Esa acción comúnmente -aunque no siempre- va acompañada con la conciencia clara y la percepción sumamente agradable de que ‘algo' sobrenatural está actuando al interior de la persona. Y en algunas raras veces la contemplación mística -que se da particularmente a través de la acción de los dones intelectivos del Espíritu Santo: ciencia, entendimiento y sobre todo sabiduría- va acompañada de manifestaciones extraordinarias como levitación, éxtasis, etc. Pero esto último es bastante raro y accesorio.

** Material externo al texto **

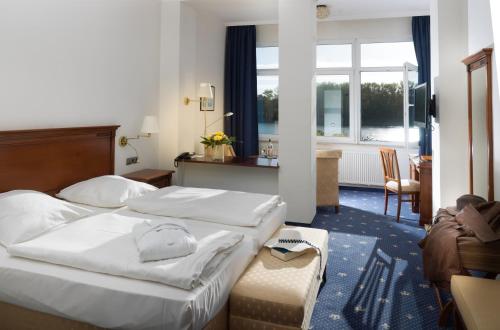 ein Hotelzimmer mit 2 Betten und einem Schreibtisch in der Unterkunft Hotel Deutscher Kaiser in Travemünde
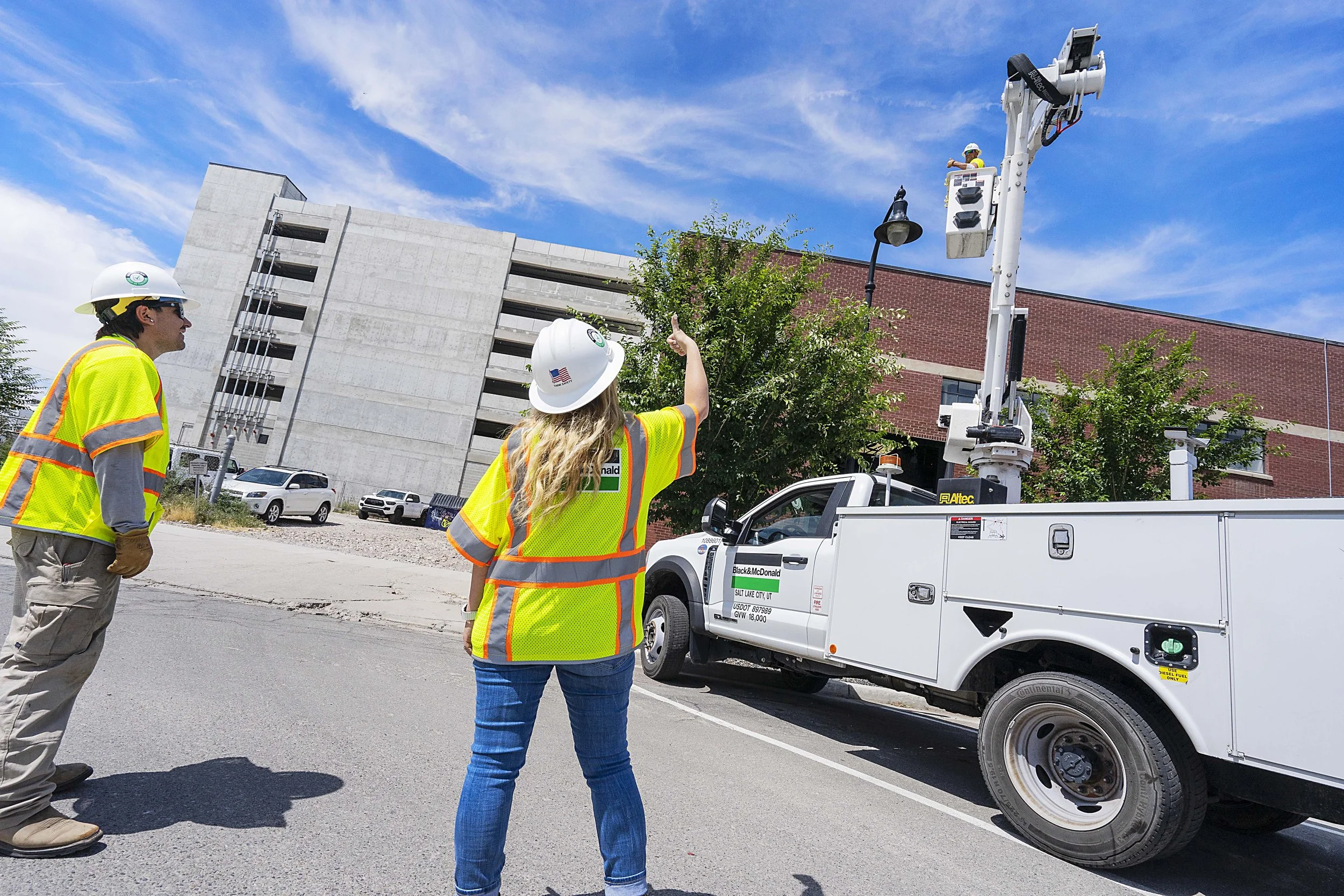 Construction workers in safety vests and helmets using a bucket truck to work on traffic signals on a city street under a blue sky.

También es cada vez más claro que la vida cristiana, la vía de la perfección cristiana, debe ser una vía y vida mística. Miremos como lo expresa el P. Garrigou-Lagrange, O. P., resumiendo las doctrinas del P. Juan Arintero sobre la mística:
"A mi modo de ver, el principio fundamental de su doctrina [del P. Arintero] es la unidad de la vida interior; unidad de tal manera concebida, que la ascética está esencialmente ordenada a algo más alto, es decir, a la unión mística del alma con Dios. Por ello, la ascética no es algo encerrado en sí mismo, sino que está ‘abierta'; es como una disposición para algo que al mismo tiempo es más vital, íntimo y elevado, a saber: la contemplación infusa de los misterios revelados y la unión con Dios que nace de esa contemplación. En resumen: para el P. Arintero, la verdadera doctrina tradicional es que la contemplación infusa procede de la fe viva ilustrada por los dones del Espíritu Santo, y que ésta contemplación infusa está, como los mismo dones del Espíritu Santo, en la vía normal de la santidad, en esta vida y en la otra". 1
Esta doctrina es un completo aplastamiento del orgullo humano y miremos el por qué.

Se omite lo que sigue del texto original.